Human Croquet is like the offspring of Terry Pratchett’s Discworld, Grimm’s fairy tales, and a dash of Agatha Christie. The origin story is all Terry Pratchett magic with dashes of Jane Eyre and the wife in the attic. The story quickly progresses to that of Isobel Fairfax, a descendant of the illustrious Fairfax’s, and her painful coming of age in small town Lythe, England. Isobel’s story starts on her 16th birthday and continually moves back and forth in time to tell the story of her family as a whole and the decisions they made that shaped their lives and their worlds. The further Isobel goes into her own family’s past the more she learns about the past of the land she inhabits. Full of images of fairy tales like Bluebeard and literary allusions, a la William Shakespeare as a tutor to one of Isobel’s ancestors, Human Croquet tells a complex story of fate and how fate can play out over centuries.

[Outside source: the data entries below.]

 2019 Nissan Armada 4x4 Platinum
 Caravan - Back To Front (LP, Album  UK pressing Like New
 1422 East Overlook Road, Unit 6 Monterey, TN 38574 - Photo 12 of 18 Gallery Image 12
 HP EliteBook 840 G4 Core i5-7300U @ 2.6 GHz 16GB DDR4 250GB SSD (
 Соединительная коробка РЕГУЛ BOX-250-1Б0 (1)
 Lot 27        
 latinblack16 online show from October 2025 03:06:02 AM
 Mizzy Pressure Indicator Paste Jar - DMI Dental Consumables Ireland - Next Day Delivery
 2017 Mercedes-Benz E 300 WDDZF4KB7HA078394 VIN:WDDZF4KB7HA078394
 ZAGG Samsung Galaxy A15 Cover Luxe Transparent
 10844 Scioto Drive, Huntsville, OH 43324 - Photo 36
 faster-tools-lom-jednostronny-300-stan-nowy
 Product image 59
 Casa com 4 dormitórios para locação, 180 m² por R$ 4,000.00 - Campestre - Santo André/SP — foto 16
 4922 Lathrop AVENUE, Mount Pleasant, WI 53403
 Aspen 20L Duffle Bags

The one thing that struck me the most whilst reading Human Croquet was how flawed human perception is. We really do see what we want to see and make up stories to explain exactly what we saw. Isobel does precisely this throughout the novel. She creates scenes to help explain and block out her own past, especially regarding her mother Eliza.
Eliza is probably the most interesting character in the whole novel. At first she’s not quite real. She doesn’t even have quotations when she speaks. She speaks all in italics like an all knowing seer, or what I imagine the caterpillar from Alice in Wonderland. Her history is tragic and colors the entire world around her. Her absence is felt by everyone in the novel and as a consequence you as the reader feel it too. Her absence is where the Agatha Christie dashes come to play. It takes the entire novel to figure out what happened to Eliza and her end is just as dramatic and tragic as her beginning.
I can’t tell you how much fun this novel was to read. Just trying to guess all of the literary illusions was entertaining in itself. Atkinson has a way with words. Her sentences are beautiful and flow effortlessly into one another. I love how each of her novels has a facade storyline and an unseen one that you have to piece together yourself. Her writing is dense and full. but that’s what I love about it. Atkinson novels always make you think and second guess yourself. But isn’t that what literature is all about, digging and discovering what it means to you.